IBM and digital commerce firm Fluid are collaborating on Fluid Expert Shopper (XPS), an app made with the IBM Watson artificial intelligence platform. Fluid XPS lets consumers ask highly specific questions, as they would a sales associate in a store, and receive personalized advice. The app will take advantage of Watson’s abilities to understand and learn from natural language, meaning it will engage in human-like conversations and provide product recommendations that take the context of customer questions into account. It will also leverage data including the brand’s product information, user reviews and online expert publications.



When released, Fluid XPS will bring profound changes to the customer experience. And competing retail IT vendors will surely in time develop their own A.I.-based customer experience apps, devices and tools. Here are few ways A.I. stands poised to disrupt the customer experience.



Retailers Lose Control

The advent of social media and mobile devices has already greatly diminished the amount of control retailers have of the customer experience. Customers now come to retailers having already done exhaustive research on how friends, relatives and fellow consumers view their products and services, and mobile devices connect them to outside sources of information (including competitors) within the store.



A.I. will reduce the control retailers have of their customer experience even further. Apps like Fluid XPS will provide shoppers with a third-party sales associate (more on that in a moment) who serves them and not the retailer. Instead of having to conduct online searches, customers will be able to ask a few basic questions and get detailed answers and recommendations that may or may not match the information they would get had they asked an in-store sales associate.



Sales Associates Lose Importance

Human sales associates have been losing importance in recent years. In many cases their functions have been taken over by kiosks and other customer-facing devices. Also, higher efficiencies and capabilities of sales associates armed with tablets and smartphones have allowed retailers to reduce their in-store staffing levels.

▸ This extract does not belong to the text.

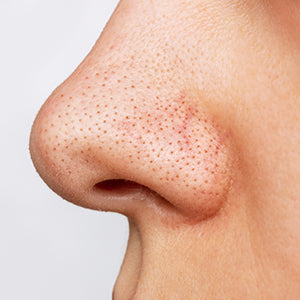 Blackheads Treatment for Men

However, once customers begin essentially coming into stores with their own personalized sales advisors (as described above), in-store sales associates will lose substantially more importance. In many cases, their role in advising customers on purchases will be eliminated entirely, reducing them to looking up item availability, checking customers out and stocking shelves, with two of those three functions easily duplicated through self-service devices.



Brand Reputation Gains Importance

Social media has given rise to a plethora of third-party sources of information and opinion about retail brands. Meanwhile, mobile devices allow consumers to readily consult these sources, as well as immediately consult one another and express their own opinions about retail brands in an open digital format. Establishing a good brand reputation that extends beyond their own marketing campaigns has thus become more important for retailers.



Fluid XPS magnifies the situation by automatically scanning mass amounts of third-party opinions about a retailer’s brand and offering consumers a metadata assessment of whether a brand reputation is solid or not. The importance of every individual tweet, blog post and Facebook comment about a retailer’s brand will become magnified. Retailers will need to pay more attention than ever to what people outside their marketing departments are saying about them, and quickly rectify any problems.